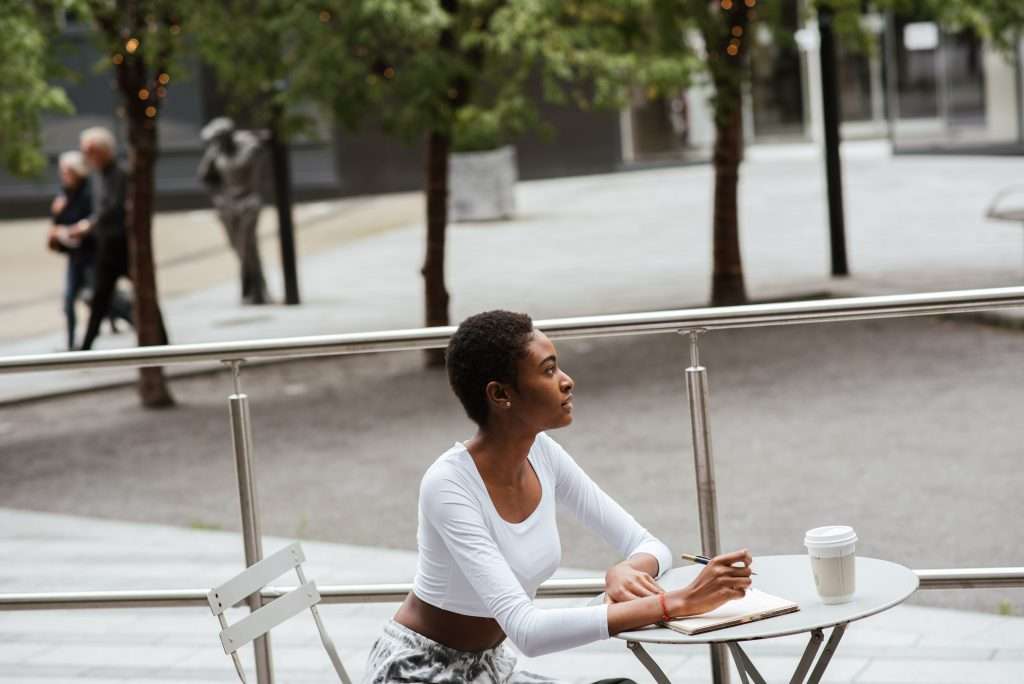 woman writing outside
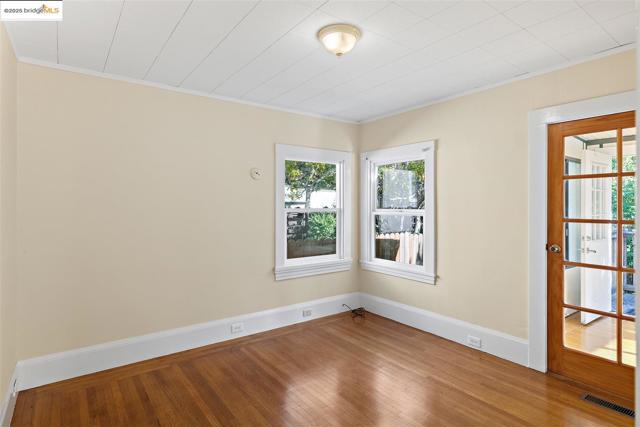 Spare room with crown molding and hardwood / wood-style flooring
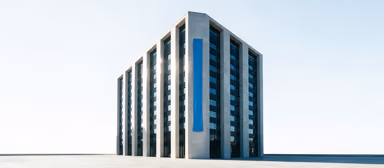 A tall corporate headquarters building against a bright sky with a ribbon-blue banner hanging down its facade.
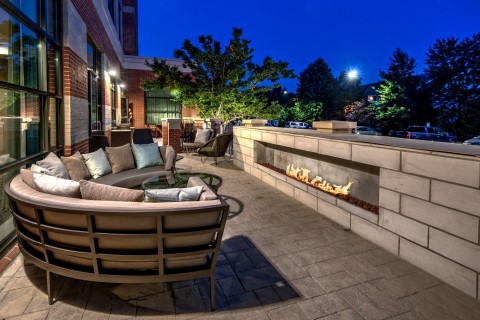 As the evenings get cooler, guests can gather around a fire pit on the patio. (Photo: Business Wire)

==

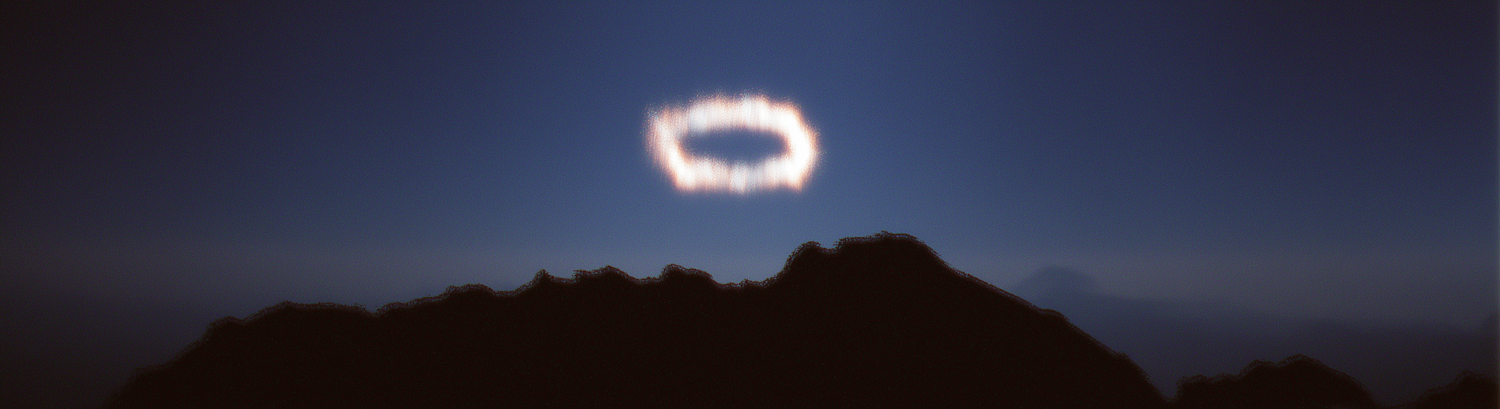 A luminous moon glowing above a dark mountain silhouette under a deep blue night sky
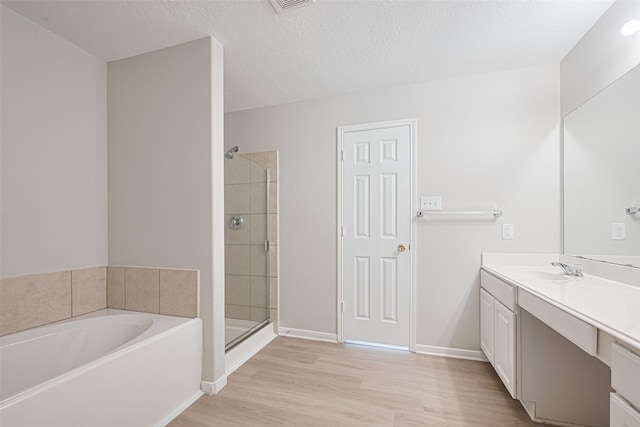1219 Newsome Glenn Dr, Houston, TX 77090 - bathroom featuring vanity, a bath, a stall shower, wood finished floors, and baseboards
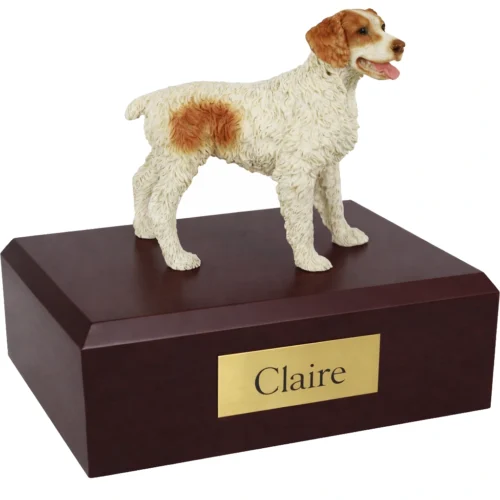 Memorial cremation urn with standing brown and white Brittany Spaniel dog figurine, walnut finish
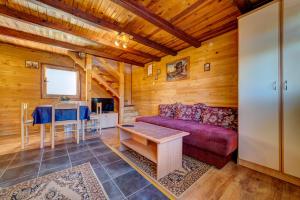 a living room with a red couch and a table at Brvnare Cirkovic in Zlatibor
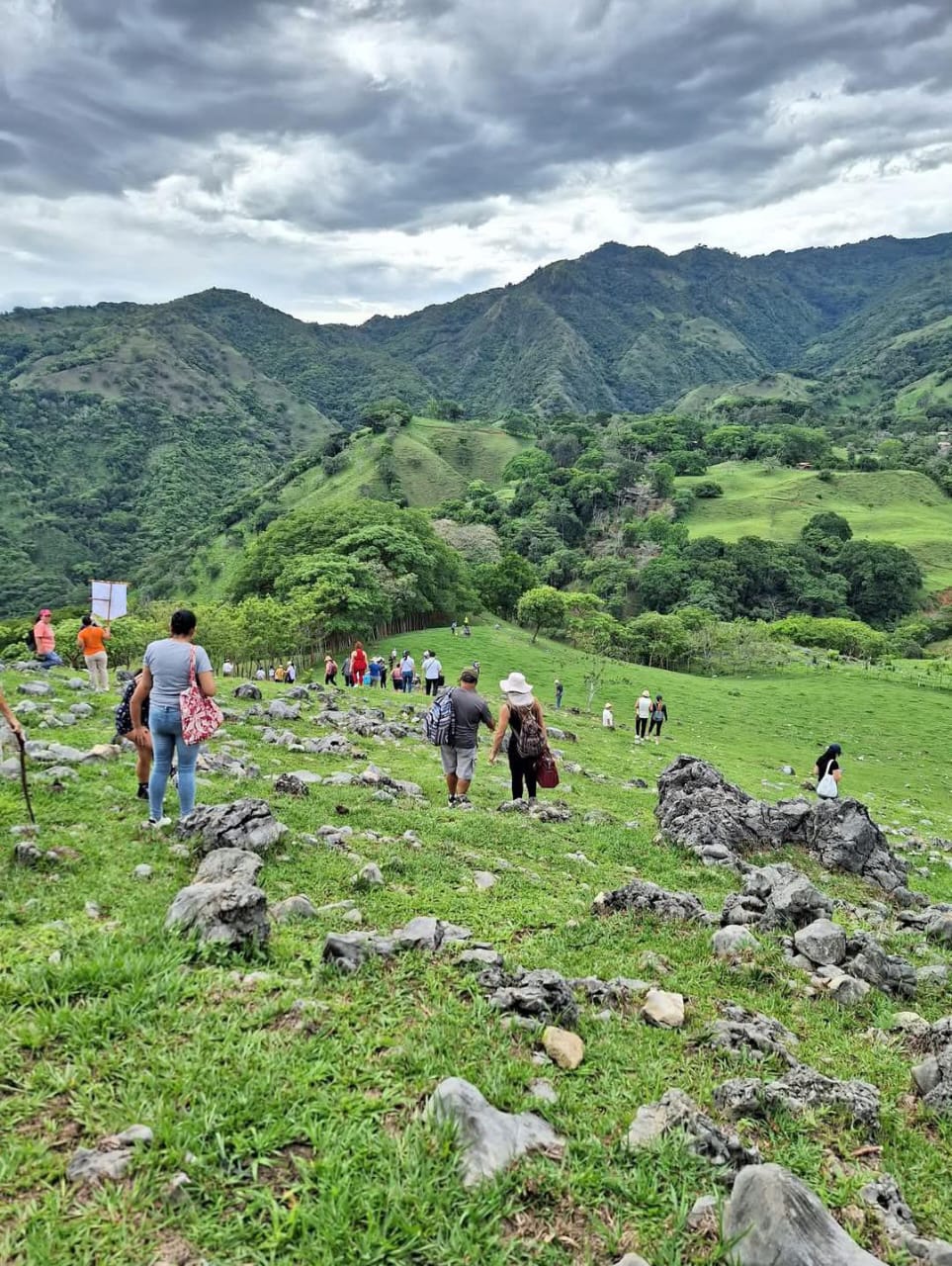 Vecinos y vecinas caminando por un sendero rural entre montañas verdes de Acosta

--

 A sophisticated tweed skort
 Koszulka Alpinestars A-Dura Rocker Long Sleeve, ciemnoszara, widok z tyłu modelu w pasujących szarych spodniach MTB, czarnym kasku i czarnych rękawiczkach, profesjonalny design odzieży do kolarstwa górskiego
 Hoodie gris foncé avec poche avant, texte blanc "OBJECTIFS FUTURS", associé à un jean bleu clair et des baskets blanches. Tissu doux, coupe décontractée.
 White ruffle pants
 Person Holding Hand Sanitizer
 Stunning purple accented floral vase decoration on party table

** Exercise prompt **
Taking the records above, retype every line from the one with "A sophisticated tweed skort" down to the one with "Stunning purple accented", exactly and with nothing else.

** Reply to the exercise **
 A sophisticated tweed skort
 Koszulka Alpinestars A-Dura Rocker Long Sleeve, ciemnoszara, widok z tyłu modelu w pasujących szarych spodniach MTB, czarnym kasku i czarnych rękawiczkach, profesjonalny design odzieży do kolarstwa górskiego
 Hoodie gris foncé avec poche avant, texte blanc "OBJECTIFS FUTURS", associé à un jean bleu clair et des baskets blanches. Tissu doux, coupe décontractée.
 White ruffle pants
 Person Holding Hand Sanitizer
 Stunning purple accented floral vase decoration on party table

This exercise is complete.